All functions are represented as instructions stored in memory. Those instructions are typically stored in a code segment (#5). However, strdup is a library function, and if such functions are defined in a shared library, they are often loaded at an address between the heap and the stack (#3).

QUESTION DATAREP-38H. The string being passed to strtoul (line 51). (Read the manual page for strdup first!)

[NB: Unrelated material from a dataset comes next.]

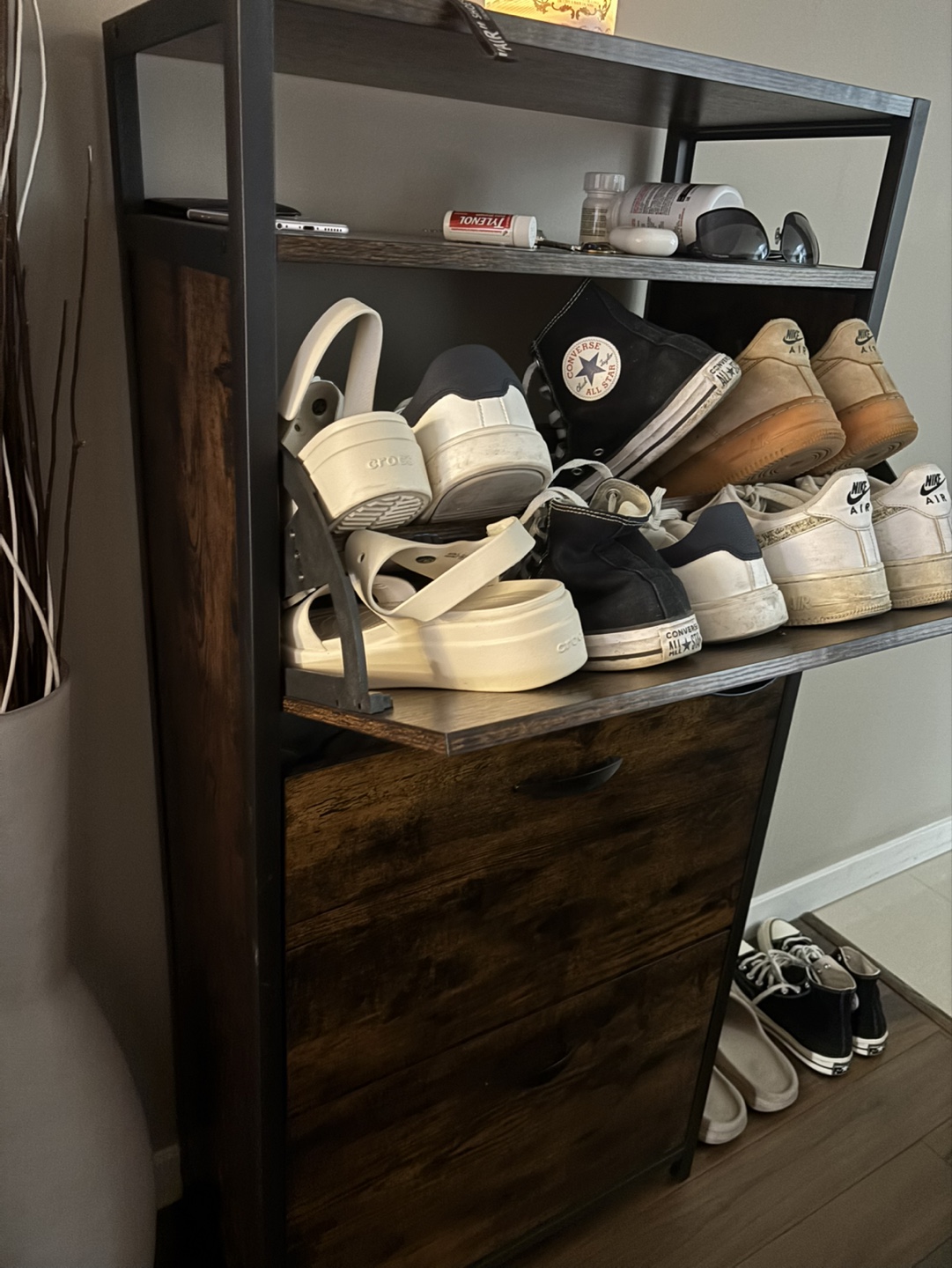 Shoe Cabinet with 3 Drawers and Top Shelf - photo 2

The argument to strtoul is returned from strdup, and strdup “returns a pointer to a new string which is a duplicate of the string s. Memory for the new string is obtained with malloc”. Thus, this argument is a pointer into the heap (#1).

QUESTION DATAREP-38I. Does this program contain a memory leak?

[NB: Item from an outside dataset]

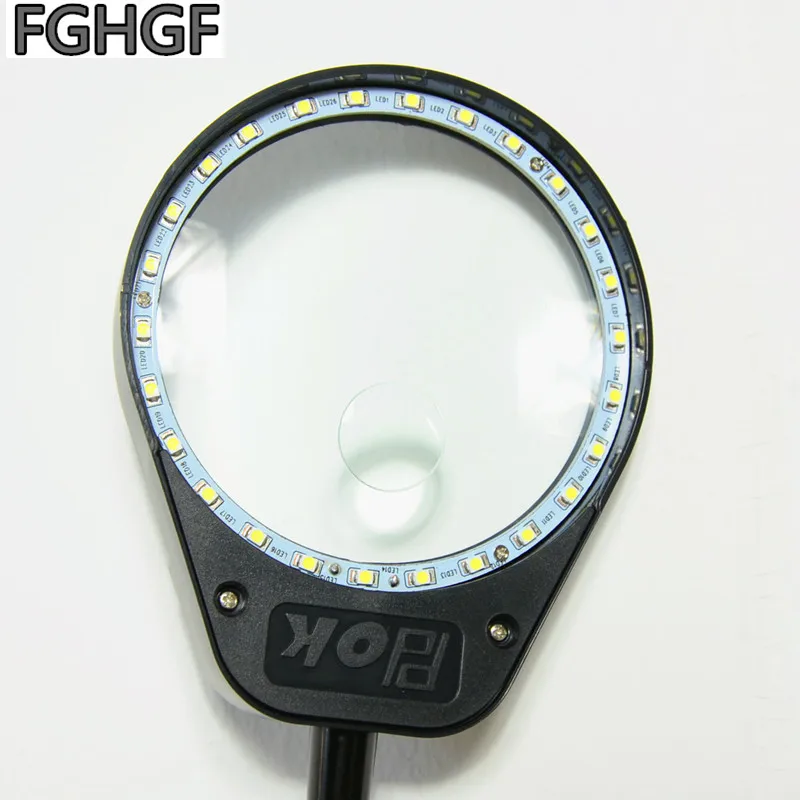 Ремонтное увеличительное стекло 10 раз Регулируемая яркость светодиодный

Yes! The string allocated and returned by strdup is never freed, so it is leaked, and a leak-checking sanitizer will warn about it.

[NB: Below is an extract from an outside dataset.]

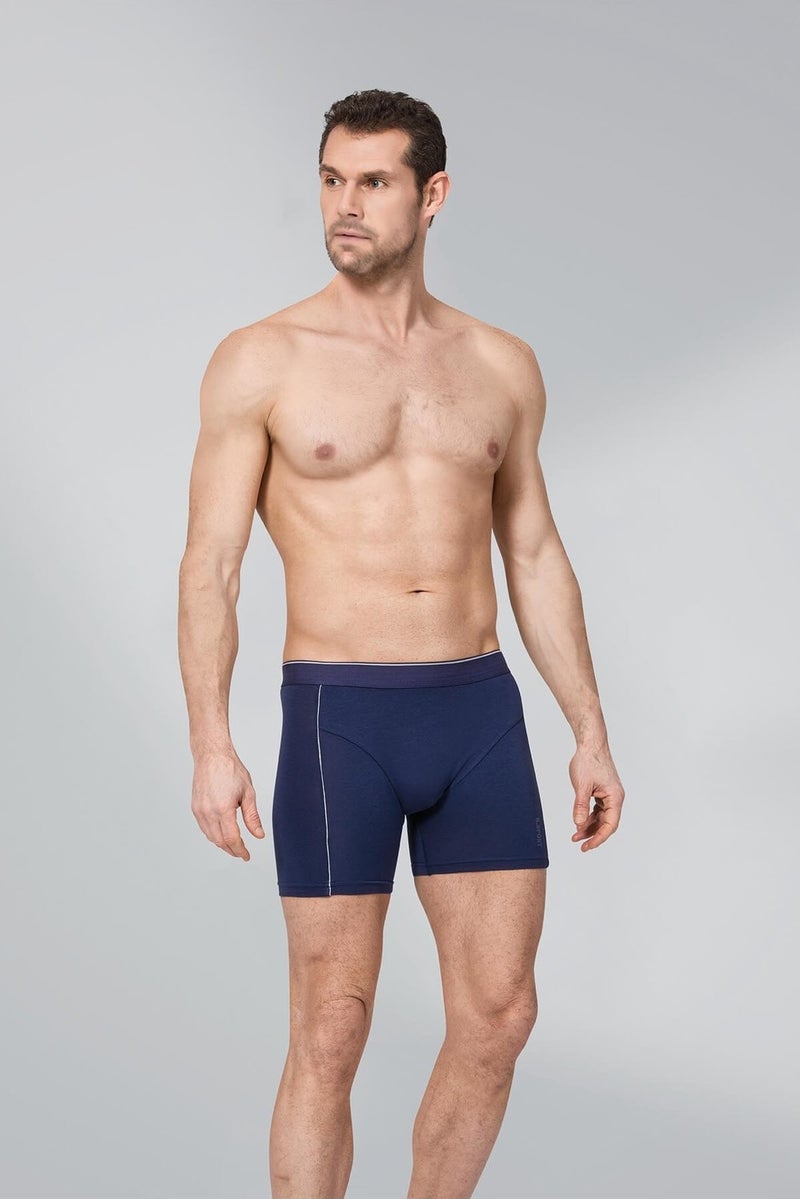 Namaldı 12 Pieces Navy Blue Color Piping Modal Boxer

QUESTION DATAREP-38J. Consider a call to fib(10) that was called from fib(11). Will fib(10)’s tmp1 variable have a larger, smaller, or equal address as fib(11)’s?

Smaller. Stacks grow down, so local variables in a callee function will have smaller addresses than local variables in the caller.

ASM-1. Assembly properties

Here’s some assembly produced by compiling a C program. (The instructions are labeled with byte offsets for your convenience.)

             .globl  f
             .align  16, 0x90
             .type   f,@function
f:
   0:        movl    $1, %r8d
   6:        jmp     b <f+0xb>

   8:        incl    %r8d

   b:        movl    %r8d, %ecx
   e:        imull   %ecx, %ecx
  11:        movl    $1, %edx

  16:        movl    %edx, %edi
  18:        imull   %edi, %edi
  1b:        movl    $1, %esi

  20:        movl    %esi, %eax
  22:        imull   %eax, %eax
  25:        addl    %edi, %eax
  27:        cmpl    %ecx, %eax
  29:        je      40 <f+0x40>
  2b:        cmpl    %edx, %esi
  2d:        leal    1(%rsi), %eax
  30:        movl    %eax, %esi
  32:        jl      20 <f+0x20>
  34:        cmpl    %r8d, %edx
  37:        leal    1(%rdx), %eax
  3a:        movl    %eax, %edx
  3c:        jl      16 <f+0x16>
  3e:        jmp     8 <f+0x8>

  40:        pushq   %rax
  41:        movl    $.L.str, %edi
  46:        xorl    %eax, %eax
  48:        callq   printf
  4d:        movl    $1, %eax
  52:        popq    %rcx
  53:        retq

             .type   .L.str,@object
.L.str:
             .asciz  "%d %d\n"
             .size   .L.str, 7

QUESTION ASM-1A. How many arguments might this function take? List all that apply.

1. 0
2. 1
3. 2
4. 3 or more

All are valid answers! The function does not use any parameters, but it might take parameters it doesn’t use.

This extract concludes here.